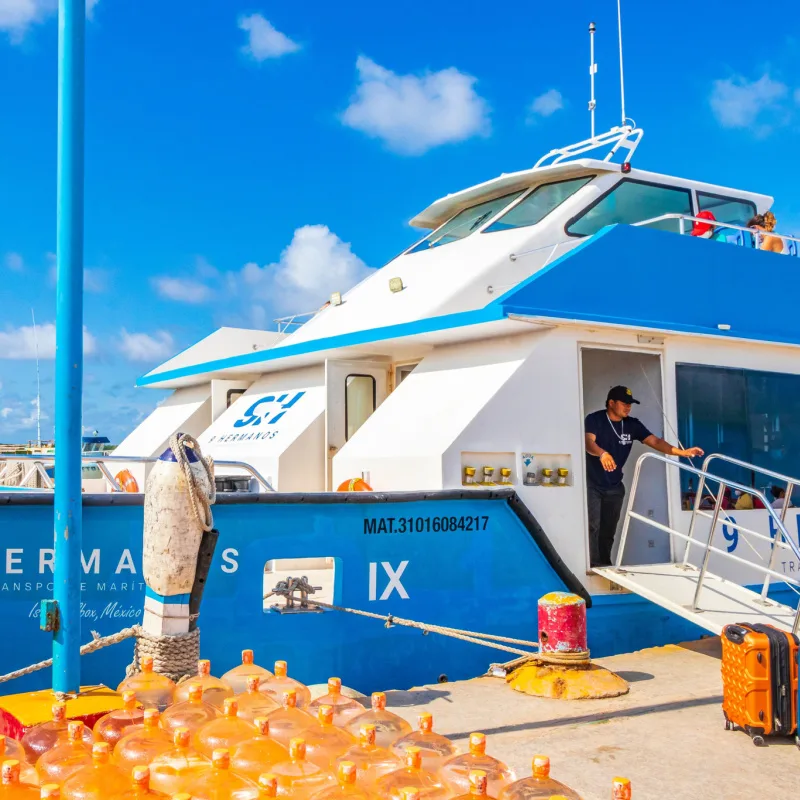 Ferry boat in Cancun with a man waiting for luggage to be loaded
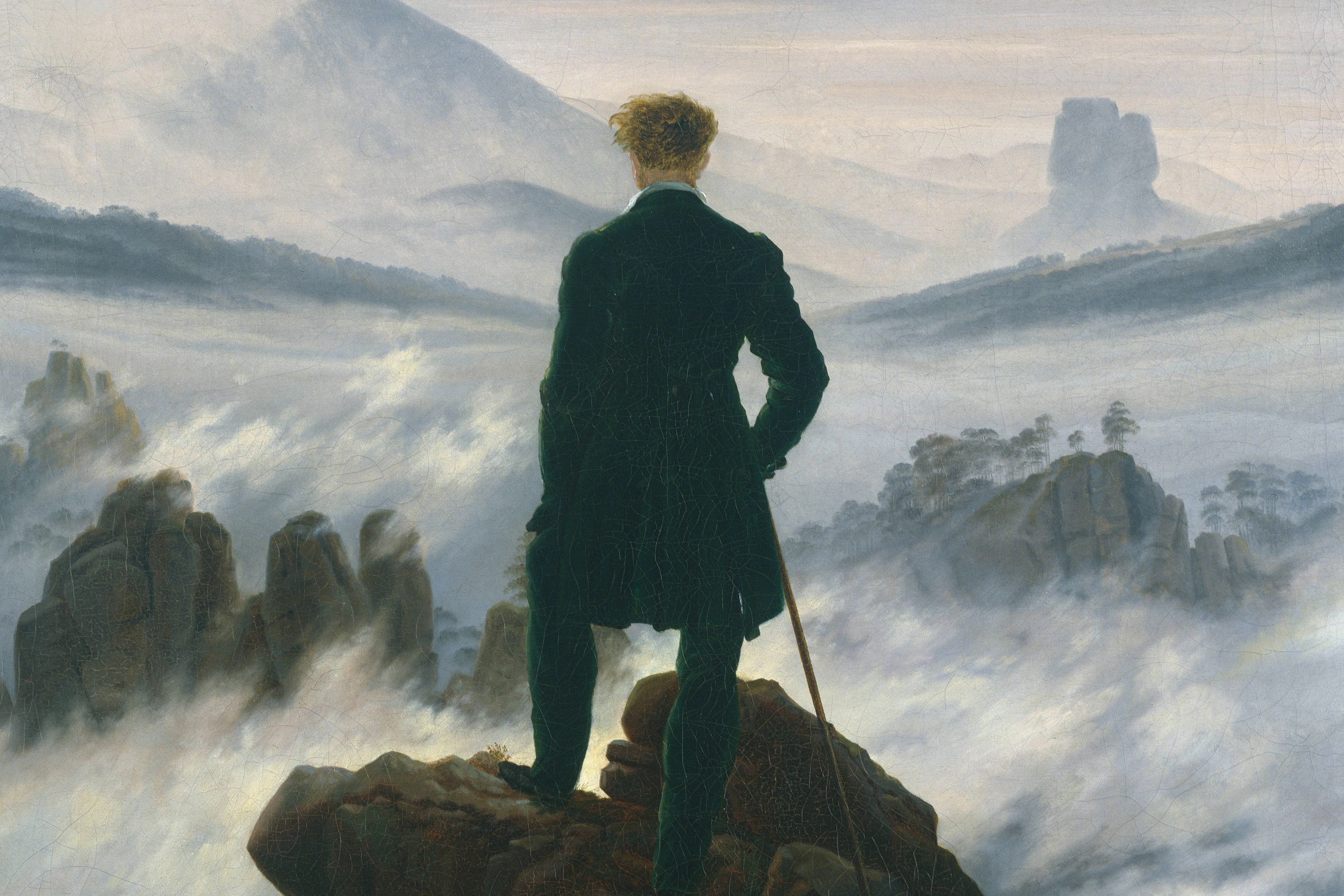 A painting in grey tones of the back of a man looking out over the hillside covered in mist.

...

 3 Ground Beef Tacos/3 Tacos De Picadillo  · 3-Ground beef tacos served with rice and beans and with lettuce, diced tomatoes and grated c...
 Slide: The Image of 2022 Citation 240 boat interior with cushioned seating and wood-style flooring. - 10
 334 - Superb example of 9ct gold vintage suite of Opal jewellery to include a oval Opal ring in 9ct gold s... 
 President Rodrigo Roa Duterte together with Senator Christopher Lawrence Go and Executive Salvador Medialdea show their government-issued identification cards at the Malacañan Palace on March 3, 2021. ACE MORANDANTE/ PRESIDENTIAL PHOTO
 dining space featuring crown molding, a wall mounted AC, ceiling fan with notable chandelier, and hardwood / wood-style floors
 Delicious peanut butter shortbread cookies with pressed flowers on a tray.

--

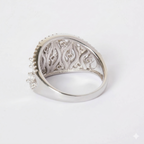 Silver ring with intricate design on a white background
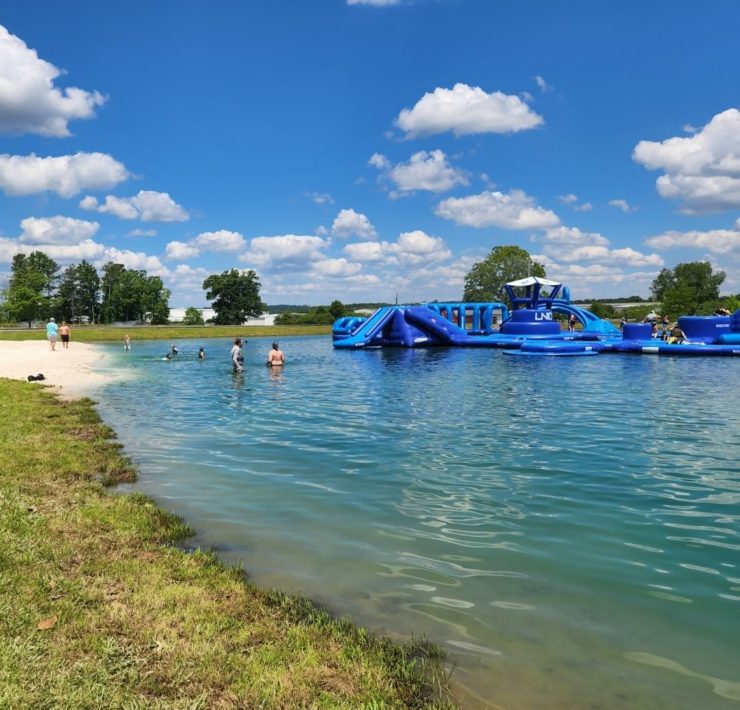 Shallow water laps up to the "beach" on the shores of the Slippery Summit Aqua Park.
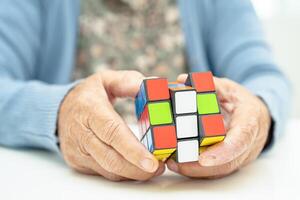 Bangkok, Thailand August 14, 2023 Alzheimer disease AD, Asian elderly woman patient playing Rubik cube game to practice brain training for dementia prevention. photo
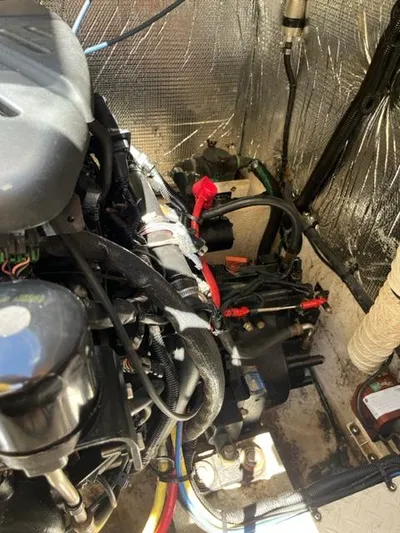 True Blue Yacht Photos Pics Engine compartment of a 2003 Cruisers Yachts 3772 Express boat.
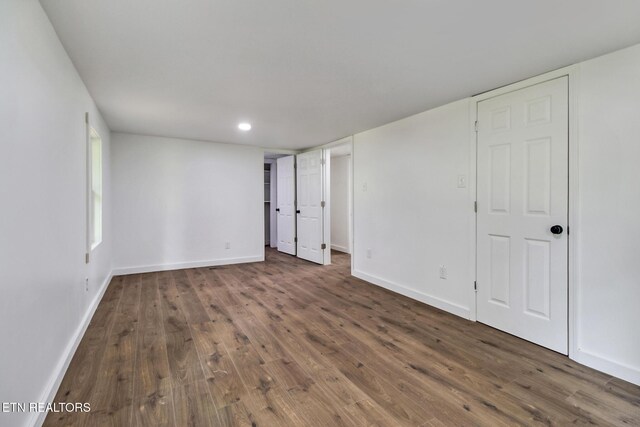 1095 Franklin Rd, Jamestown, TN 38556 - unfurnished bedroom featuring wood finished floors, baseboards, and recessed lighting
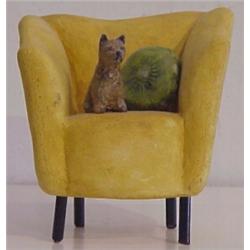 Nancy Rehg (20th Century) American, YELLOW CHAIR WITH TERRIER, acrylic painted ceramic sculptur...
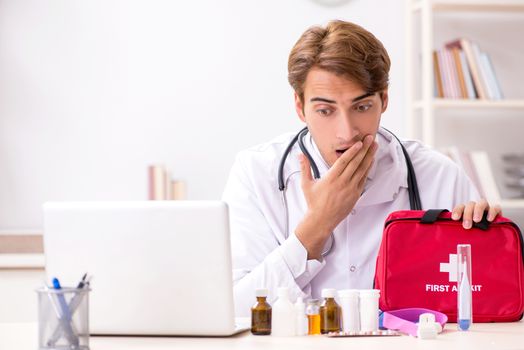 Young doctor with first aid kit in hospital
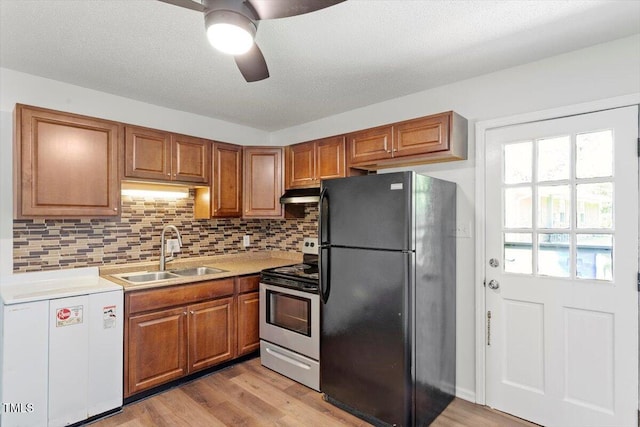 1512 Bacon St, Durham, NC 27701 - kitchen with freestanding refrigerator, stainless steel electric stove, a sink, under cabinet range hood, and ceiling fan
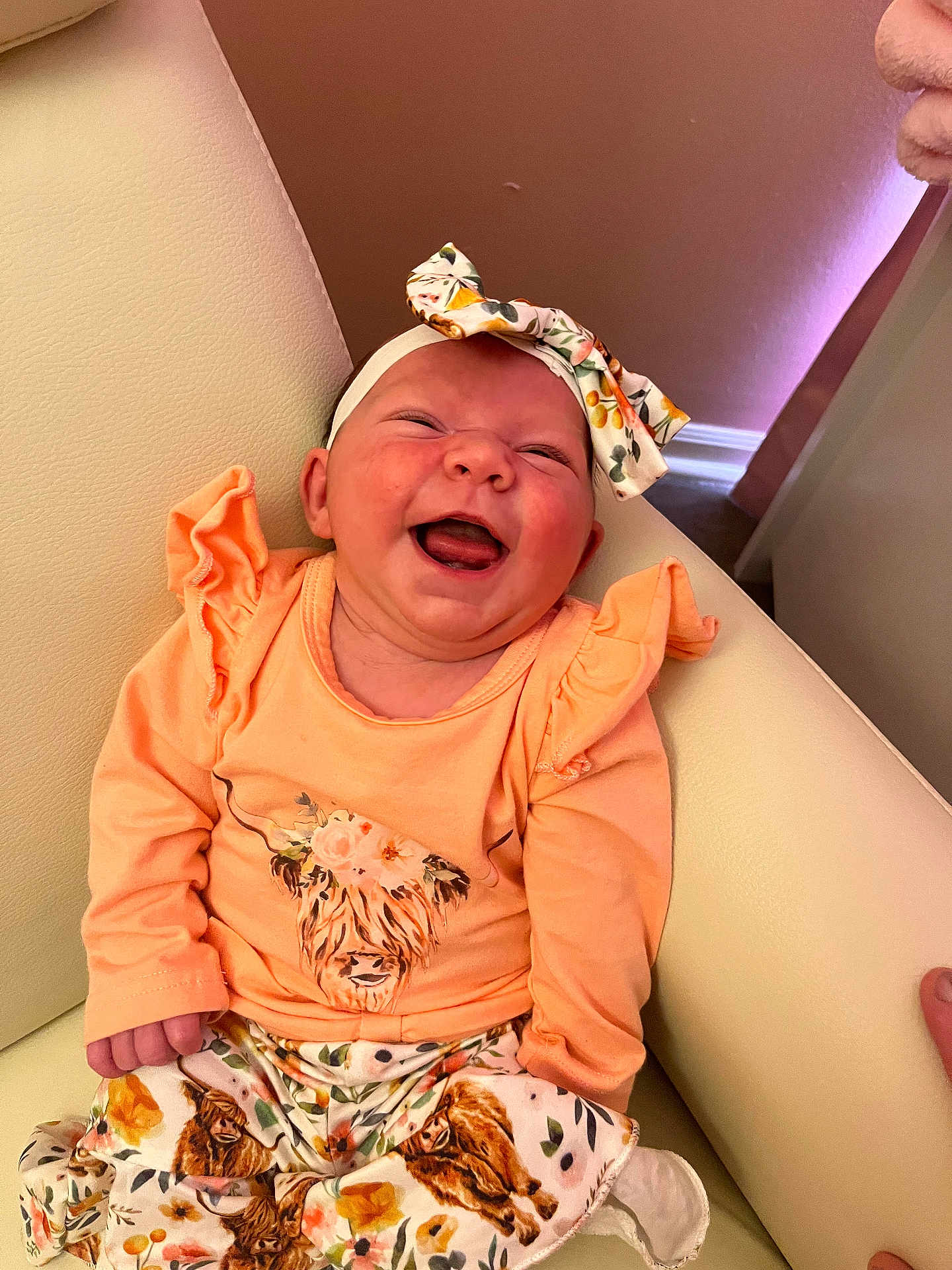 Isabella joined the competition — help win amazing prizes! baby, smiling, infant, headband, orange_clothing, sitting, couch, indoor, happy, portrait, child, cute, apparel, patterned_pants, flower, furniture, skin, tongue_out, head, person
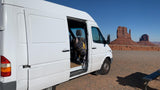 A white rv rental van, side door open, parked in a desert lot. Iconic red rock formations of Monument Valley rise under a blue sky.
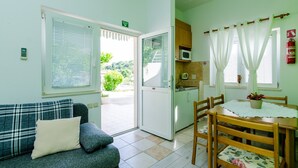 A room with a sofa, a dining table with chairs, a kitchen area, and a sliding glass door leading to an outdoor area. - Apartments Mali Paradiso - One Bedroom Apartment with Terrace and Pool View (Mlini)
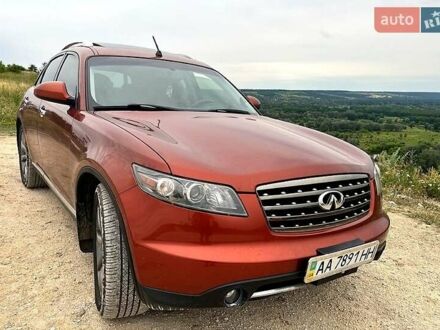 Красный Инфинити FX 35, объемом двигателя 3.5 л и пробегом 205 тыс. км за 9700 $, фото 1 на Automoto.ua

About this exercise - Please repeat the lines of the material above exactly, starting with the line that contains "Shallow water laps" and ending with the line that contains "1512 Bacon St, Durham, NC". Leave the pictures out.

Task solution -
 Shallow water laps up to the "beach" on the shores of the Slippery Summit Aqua Park.
 Bangkok, Thailand August 14, 2023 Alzheimer disease AD, Asian elderly woman patient playing Rubik cube game to practice brain training for dementia prevention. photo
 True Blue Yacht Photos Pics Engine compartment of a 2003 Cruisers Yachts 3772 Express boat.
 1095 Franklin Rd, Jamestown, TN 38556 - unfurnished bedroom featuring wood finished floors, baseboards, and recessed lighting
 Nancy Rehg (20th Century) American, YELLOW CHAIR WITH TERRIER, acrylic painted ceramic sculptur...
 Young doctor with first aid kit in hospital
 1512 Bacon St, Durham, NC 27701 - kitchen with freestanding refrigerator, stainless steel electric stove, a sink, under cabinet range hood, and ceiling fan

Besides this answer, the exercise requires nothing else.